Os Estados Unidos, em um momento que as forças cubanas independistas avançavam para uma vitória, interviu no conflito. O navio de guerra Maine, ancorado no porto de Havana por ordem do presidente estadunidense McKinley, do Partido Republicano, sob justificativa de medida de precaução diante da radicalização das partes da guerra, explodiu em 15 de fevereiro de 1898, com a morte de 260 marinheiros. Sob esse pretexto, de um ataque com uma mina submarina, o Governo norte-americano declarou guerra à Espanha. Contudo, não havia nenhuma confirmação conclusiva, pelo contrário: “na época, nenhum relatório foi enunciado para contradizer a opinião da Marinha em 1898, e para se assegurar de que os Democratas não tivessem acesso a nenhuma prova, em março de 1913 a Marinha rebocou o que restava do navio para águas profundas a quatro milhas da costa cubana e o afundou. Anos mais tarde, o legendário e independente Hyman Rickover, preparou um estudo elaborado usando fotografias detalhadas e outros dados obtidos em 1912 e 1913. Ele concluiu que ‘com toda probabilidade, o Maine foi destruído por um acidente que ocorreu dentro do navio... O que aconteceu?
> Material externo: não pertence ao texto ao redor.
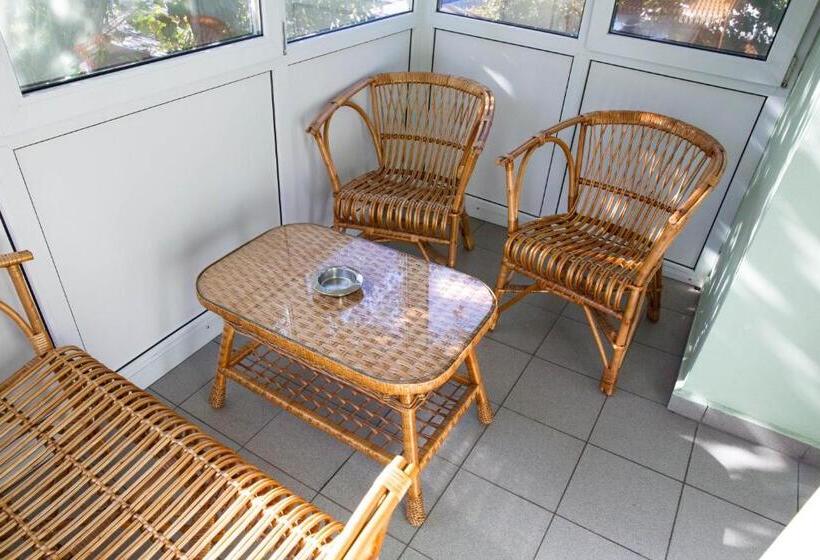 Junior Suite, Barbaris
Provavelmente um incêndio no bunker-16 (...) Não há provas de que uma mina tenha destruído o Maine”. Já se inicia aí o modus operandis que caracterizará o imperialismo norte-americano a partir de então, ataques, guerras, sanções, etc., baseados em mentiras e em fatos forjados, para induzir acontecimentos que atendam os seus interesses, como aconteceu ao longo do século XX e seguem até os dias atuais, como os evidentes exemplos das invasões ao Afeganistão e ao Iraque, a guerra civil provocada na Síria e na Líbia, além da pressão exercida sobre a Venezuela e a Coreia Popular.


A guerra hispano-americana, entre uma velha potência colonialista decadente e a nova potência imperialista ascendente, durou poucos meses. Em agosto os espanhóis tiveram que se curvam diante dos ianques e assinar um armistício em Washington e posteriormente o Tratado de Paz em Paris, que custou a transferência de Guam e de Porto Rico ao vencedor, além do controle das Filipinas, sob indenização de US$ 20 milhões.
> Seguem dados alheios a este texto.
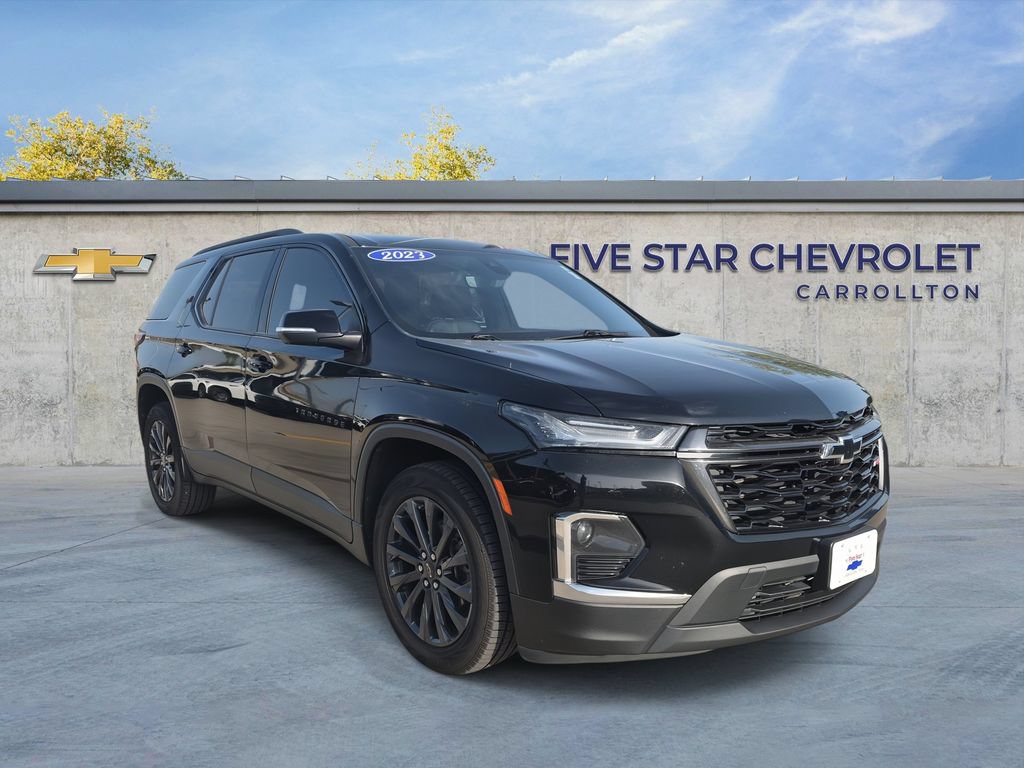 Used 2023 Chevrolet Traverse RS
O tratado também reconhecia a independência formal de Cuba, mas os fatos seguintes demonstravam que o anseio do povo cubano por sua soberania nacional não seria atendido então. Os estadunidenses impuseram uma ditadura militar na Ilha de 1898 até 1902, que fora bem recebida pelas elites cubanas lacaias ao imperialismo, em traição aos ideais republicanos que guiaram os mais de 30 anos de luta pela independência cubana. E se estabelecia um processo recorrente, uma vez que tropas estadunidenses voltariam a ocupar Cuba entre 1906 e 1909, em 1912 e entre 1917 e 1920.
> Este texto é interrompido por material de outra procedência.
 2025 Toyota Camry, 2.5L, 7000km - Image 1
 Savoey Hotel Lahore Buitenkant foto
Em 1903, as tropas estadunidenses permitem ao país ter o seu primeiro presidente civil eleito, o fantoche Tomás Estrada Palma, mas não sem antes impor uma Constituição à sua semicolônia, incluso a famosa Emenda Platt que determinava os termos imperialistas para as relações bilaterais. Esse apêndice dizia que “o governo de Cuba concorda que os Estados Unidos podem exercer seu direito de intervir para a preservação da independência cubana, para a manutenção de um governo adequado à proteção da vida, propriedade e liberdade individual e para a execução das obrigações relacionadas com Cuba que lhe foram impostas pelo Tratado de Paris, e que devem ser agora assumidas e cumpridas pelo governo de Cuba. Para permitir aos Estados Unidos manter a independência de Cuba, e proteger o povo cubano, bem como para a sua própria defesa, o governo cubano venderá ou arrendará aos Estados Unidos a terra necessária para a instalação de bases ou estações navais, em certos pontos específicos, a ser estabelecidos pelo presidente dos Estados Unidos”.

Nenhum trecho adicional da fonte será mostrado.